Instructions for the task:
Count, in the listing that follows, every line containing the word "today". Give the number by itself.

Data for this task:
────────────────────────────────────────

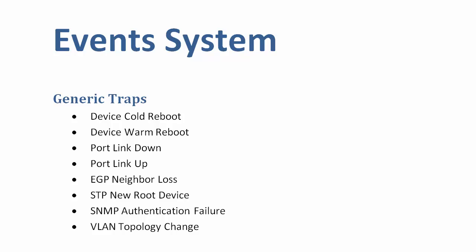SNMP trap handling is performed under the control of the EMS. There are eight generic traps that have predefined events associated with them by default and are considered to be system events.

────────────────────────────────────────

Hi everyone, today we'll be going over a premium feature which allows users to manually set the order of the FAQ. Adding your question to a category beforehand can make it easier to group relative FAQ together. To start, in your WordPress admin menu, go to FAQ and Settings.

────────────────────────────────────────

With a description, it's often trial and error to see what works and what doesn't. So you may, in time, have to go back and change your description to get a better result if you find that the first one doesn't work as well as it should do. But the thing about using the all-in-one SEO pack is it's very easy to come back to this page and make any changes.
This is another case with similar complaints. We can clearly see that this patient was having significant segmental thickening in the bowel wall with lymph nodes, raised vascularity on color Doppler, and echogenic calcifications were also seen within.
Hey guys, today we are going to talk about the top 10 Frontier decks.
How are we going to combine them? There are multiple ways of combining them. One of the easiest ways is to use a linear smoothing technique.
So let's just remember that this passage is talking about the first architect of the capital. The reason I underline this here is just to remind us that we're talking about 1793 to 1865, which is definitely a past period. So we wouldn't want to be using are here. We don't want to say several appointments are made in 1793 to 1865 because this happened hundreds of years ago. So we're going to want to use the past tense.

────────────────────────────────────────

Your solution:
2